Kevin John Edusei und die Sinfoniker mit Bruckner

Von Klaus P. Richter

Natürlich war das gewaltige Forte in Bruckners vierter Sinfonie für das Prinzregententheater eigentlich zu laut. Aber es kam in den tobenden Finalen von Scherzo und Schlusssatz einem grandiosen Überwältigungsgestus zugute. Denn was die Münchner Sinfoniker hier, allen voran ihre Blechbläser, entfesselten, war eine Hochleistung, die man bei diesem nicht risikolosen Weitsprung in die große Bruckner-Sinfonik kaum erwartet hatte. Schuld daran war ihr charismatischer, nicht weniger risikofreudige Maestro Kevin John Edusei. Ebenso ambitioniert wie engagiert dirigierte der elegante Energetiker keine wirklich "Romantische", wie ihr Titel meint, sondern einen atemberaubenden Parcours durch die Brucknerschen Klanggebirge von den glimmenden Tiefen bis zu den gleißenden Gipfeln.

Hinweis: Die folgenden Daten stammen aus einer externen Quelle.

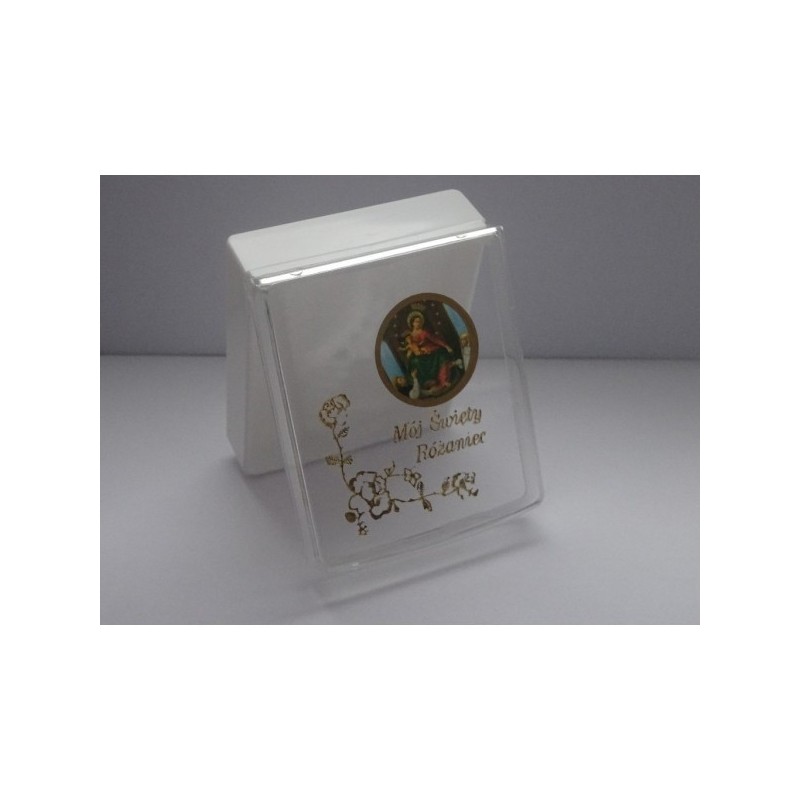 Różaniec srebrny naturalny mleczny bursztyn z paciorkami 15 - 17 g 925 + gratis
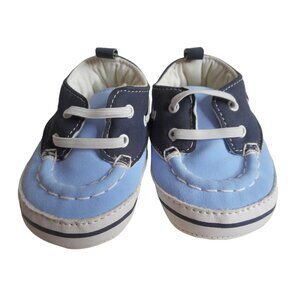 Carter's Child of Mine Size 0-3m Blue white Baby Shoes elastic close
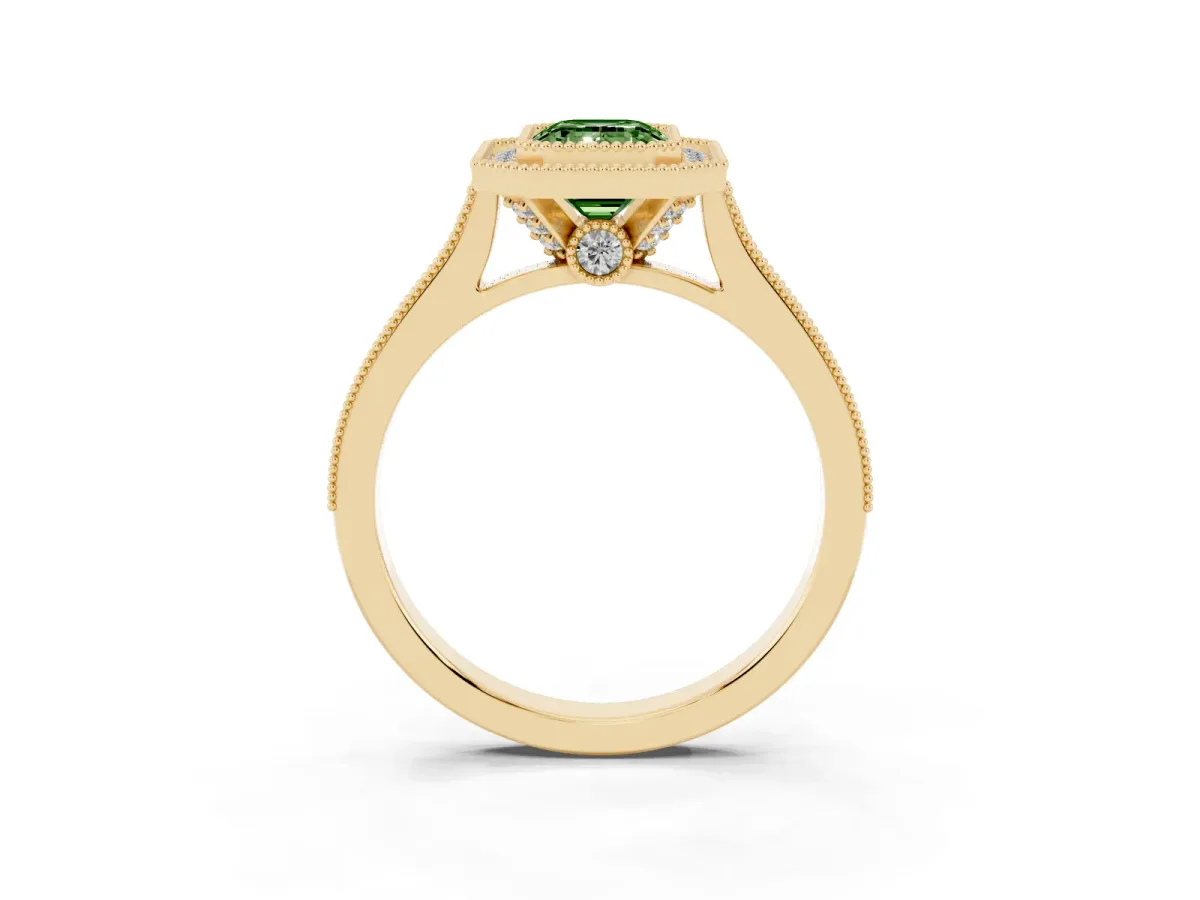 Fancy Green Halo Emerald Cut-Cut Diamond Pave Band Milgrain Prong Setting Ring Yellow gold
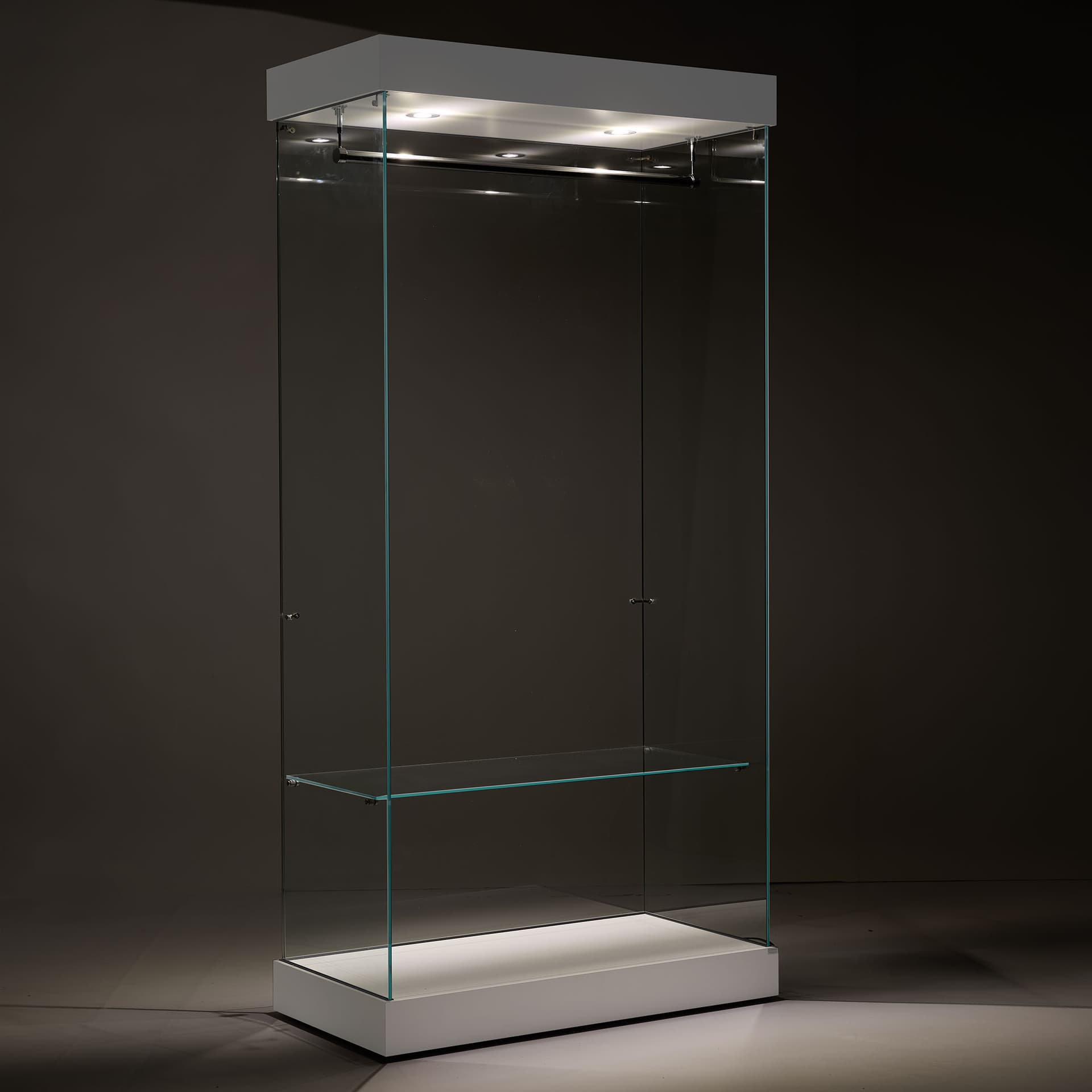 Retail glass wardrobe has integrated halogen spotlights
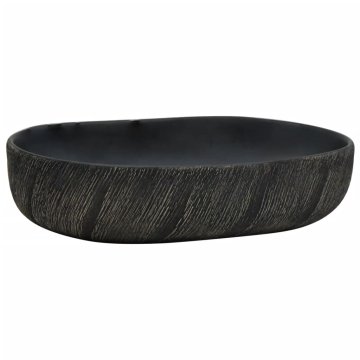 Vidaxl Nadpultni umivalnik črn ovalen 59x40x14 cm keramika
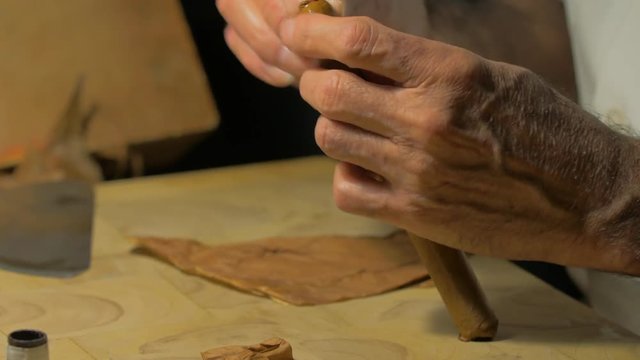 Creating and hand rolling cigar 5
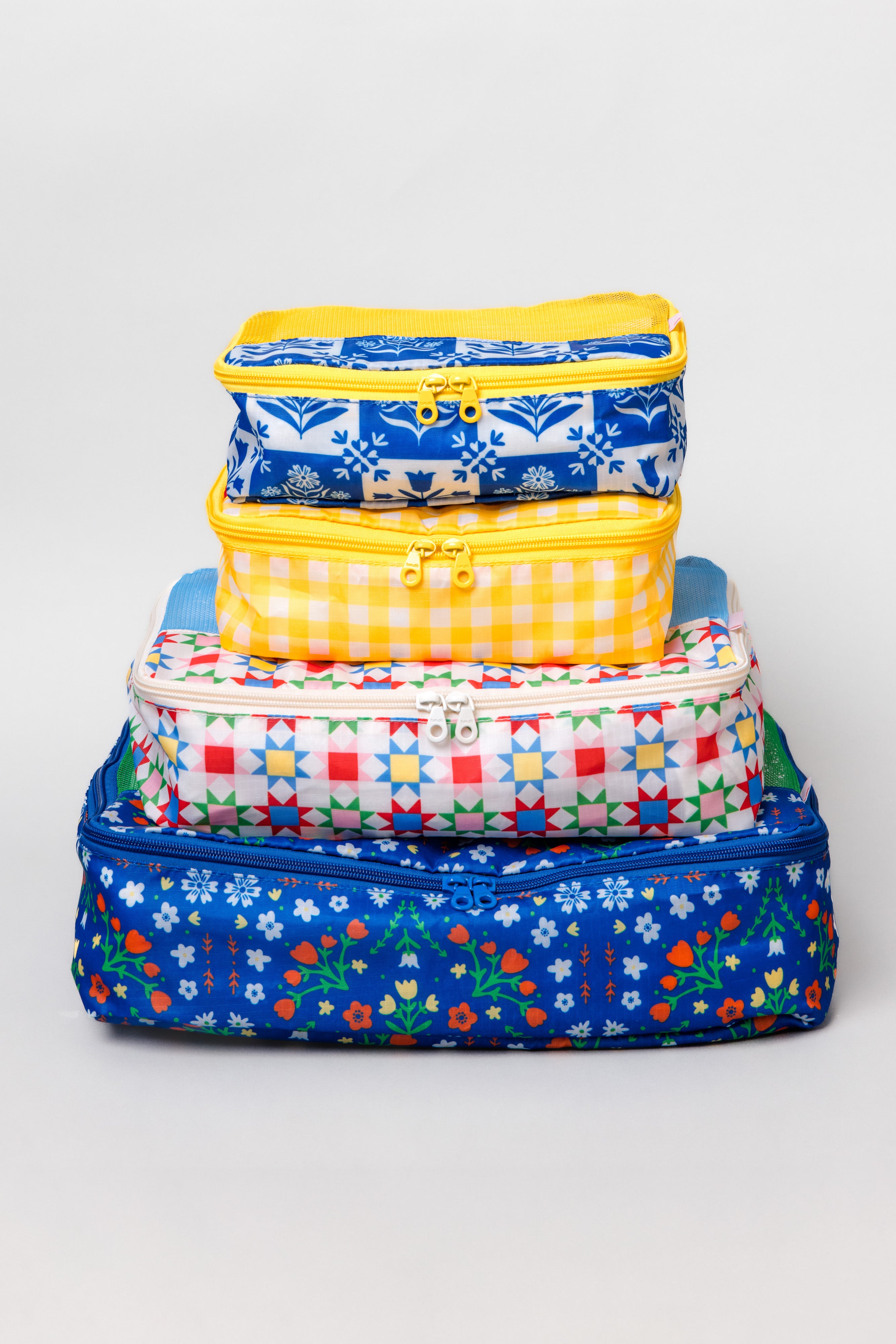 Packing Cube Set - Blue Scandinavian Floral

Edusei bleibt zwar den Pianissimo-Idyllen, die so gerne mit Waldzauber und Naturfrieden assoziiert werden, der fahlen c-Moll Celli-Trauer im Andante und auch dem Spiel der irisierenden Horn- und Flöteninterferenzen nichts schuldig, aber er strukturiert mit präzisem Schlag vor allem die verschiedenen Energieebenen des sinfonischen Kolosses. Dabei legt er es besonders auf die Maxima an: die oft fast zu steilen Steigerungsschübe in die Bläserfanfaren, die monumentalen Choräle und die strahlenden Es-Dur- und C-Dur-Lichteinbrüche mit ihrem triumphalen Fortissimo-Pathosglanz. Und gestaltet damit einen intensiven, beeindruckenden Bruckner.

Zuvor noch stellte sich der 21-jährige Geiger Chad Hoopes aus Florida als momentaner "Artist in Residence" des Orchesters vor. Zwar unbeschwerter Yankee und "Youngster" in dieser Rolle, traf er Mozarts luzide Leichtigkeit im ersten Satz des A-Dur-Violinkonzert KV 219 allerdings nicht. Etwas zu sehr bemüht, wirkte sein Spiel eher unfrei und vordergründig. Bis zum Adagio aber hatte er sich eingespielt. Dort gelang ihm dann viel klangschöne Besinnlichkeit und im Alla-turca des Schlussrondos schließlich auch lockere Unbekümmertheit.